Domingo é dia de são Brahms

ARTHUR NESTROVSKI
ARTICULISTA DA FOLHA

Concertos ruins são todos parecidos, mas cada concerto bom é bom à sua maneira. Por exemplo: o bom concerto do Coro de Câmara da Osesp, domingo à tarde na Sala São Paulo. Foi surpreendente por vários motivos, que merecem comentário.
A primeira surpresa é que o coro -recém-nascido, nessa formação- possa soar tão maduro. Já tem som próprio, já canta como um coro, e não um conjunto acidental de vozes. Formado por membros do Coro da Osesp, sob a regência de Naomi Munakata, este foi seu segundo concerto, mas ninguém acredita.
Fantasia: cantores acorrentados noite e dia, nas catacumbas da Sala São Paulo, bebendo salmoura, entoando solfejos, lendo a vida de são Brahms e ensaiando 12 horas sem intervalo, sob o jugo da doce Naomi.
A segunda surpresa foi o programa. Vamos ser francos: "música coral", como categoria, não chega a ser um ideal de felicidade para a maioria de nós. (Nós, os ignorantes. Nós, os surdos.)

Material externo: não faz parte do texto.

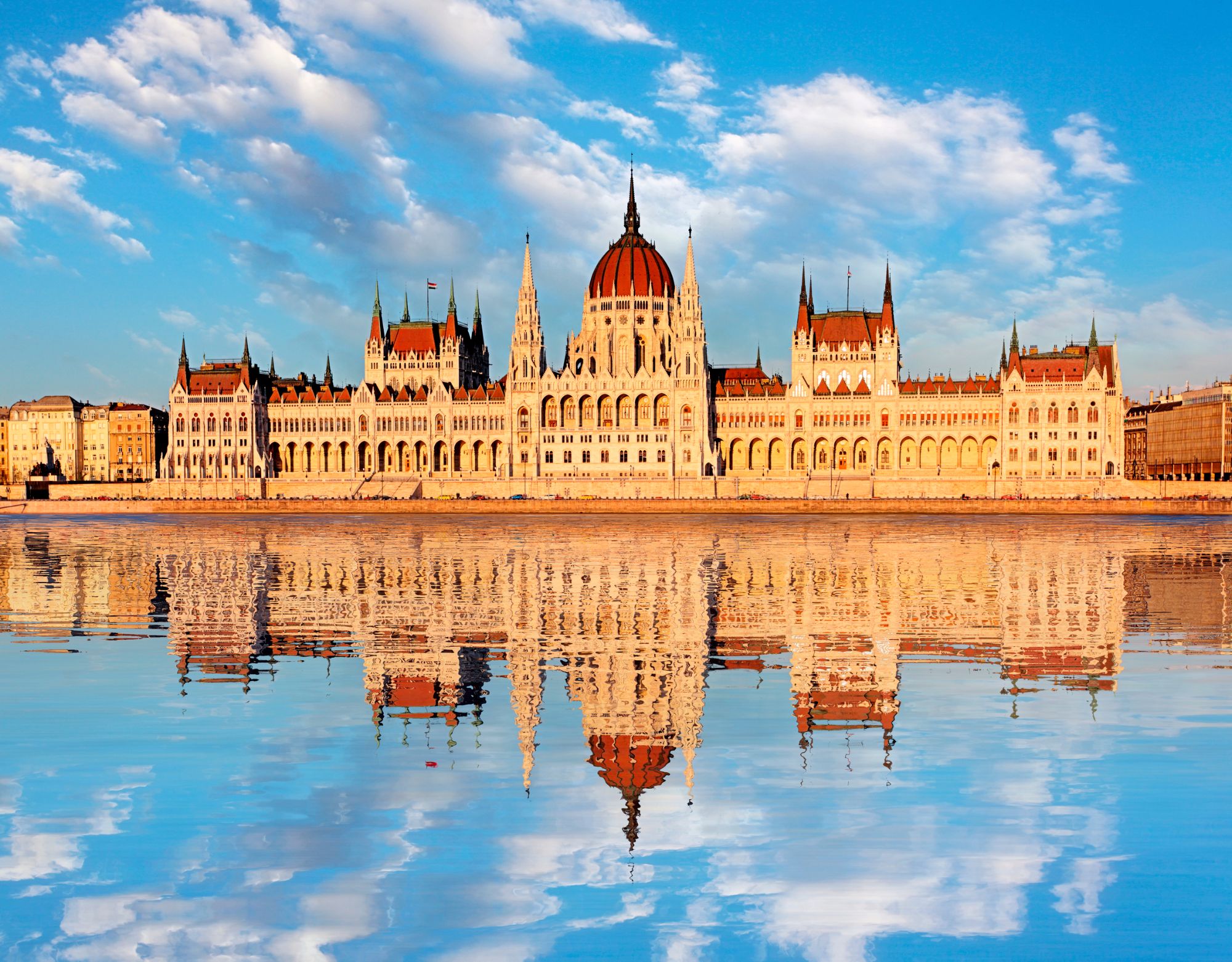 budapest-landmark-parliament-big-bus-tours.jpg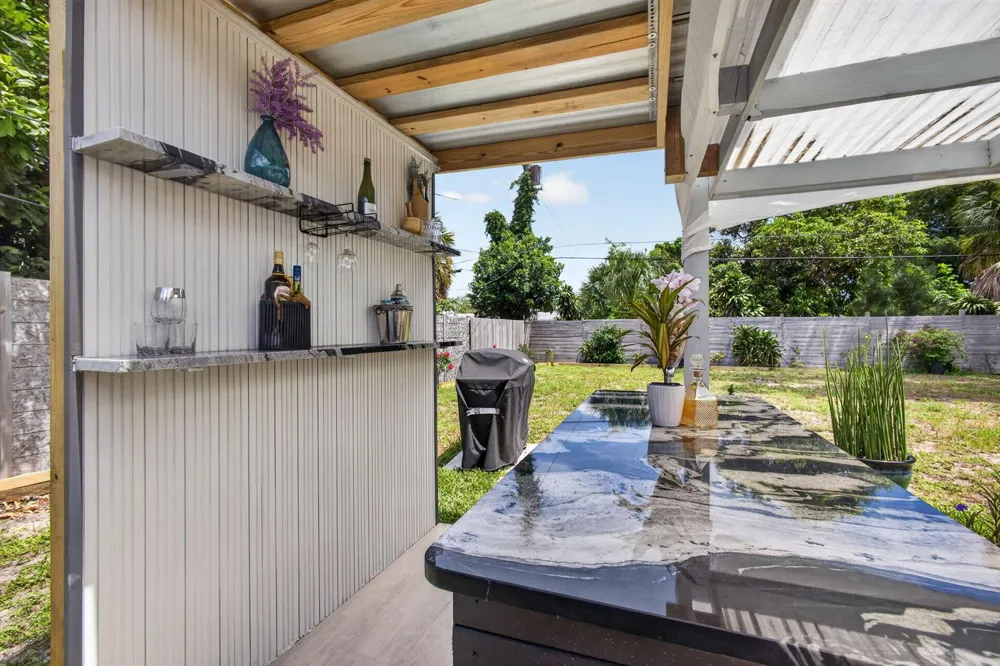 140 W 31st Court Riviera Beach, FL 33404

E uma sucessão de peças só para coro masculino, depois só feminino, tem sua dose de estranheza.
O fato é que a música para coro permanece pouco cultivada pelo público de concerto. Ao contrário do século 19, quando um ideal de arte como educação tem na "sociedade coral" um de seus principais emblemas, no século 20, o coro deixa de estar no centro das coisas. Mas as relações entre literatura e música, e as imagens de convívio humano encarnadas nesse repertório, fazem agora de Schubert e Brahms compositores novos, a serem redescobertos.

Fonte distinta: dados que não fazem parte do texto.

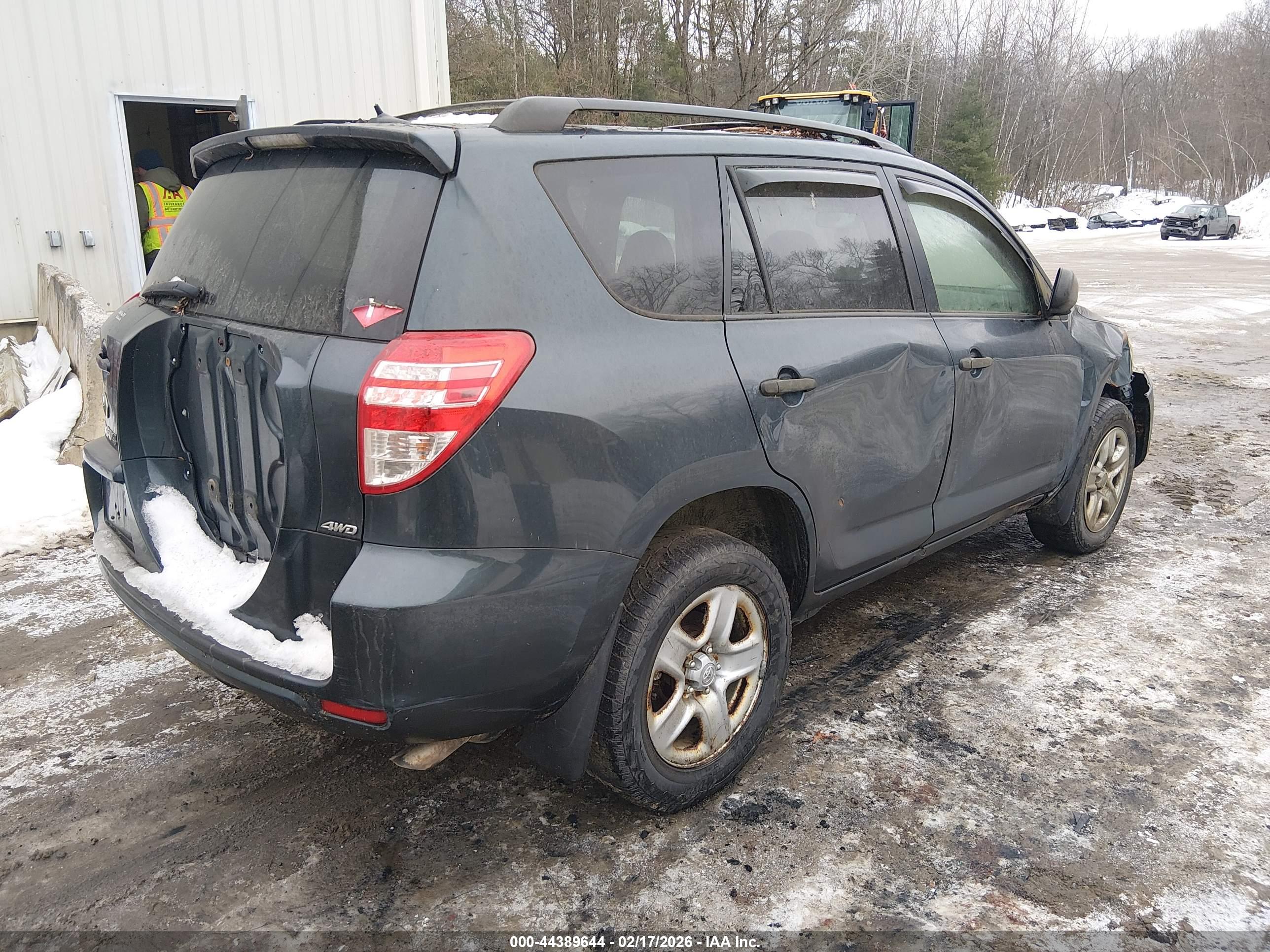 TOYOTA RAV4 image 4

Terceira surpresa: às cinco da tarde de domingo, em pleno feriadão, a Sala São Paulo estava tomada de gente para ouvir o coro. Prova de que, nesta terra, em se plantando, dá.
Para quem não a conhecia, foi surpreendente a voz de Cristiane Minczuk, na "Serenata" de Schubert (1797-1828) -uma mulher sozinha contra o coro dos homens, a voz da música transformando em canção a língua alemã e serenando cada um de nós como amante do ambivalente Schubert.
Outra surpresa foi Marivone Caetano, solista numa das "Três Canções Sacras" de Rossini (1792-1868). Começou nervosa, mas se prendeu à própria voz e foi se alçando até encher a sala de bel-canto e "virtù".
E o Poulenc? E o César Franck? OK (para usar uma palavra francesa). Mas o coro está mais à vontade nos românticos do que em fumos simbolistas, ou na carolice gentil do modernismo.
Só no bis (uma "Ave Maria" de Bruckner) cantaram juntos todos os homens e mulheres, fechando o programa que abriu com uma "Ave Maria" de Holst (mulheres) e outra de Biebl (homens).
O melhor estava no meio: Schumann. E no fim: as "Quatro Canções op. 17" de Brahms (1833-97), acompanhadas de harpa e trompas.
Cada concerto bom é bom à sua maneira: esse foi fino, discreto, franco. Um ideal de música e educação, ou música como educação. O ideal realizado do próprio repertório, que a gente vai aprendendo a ouvir.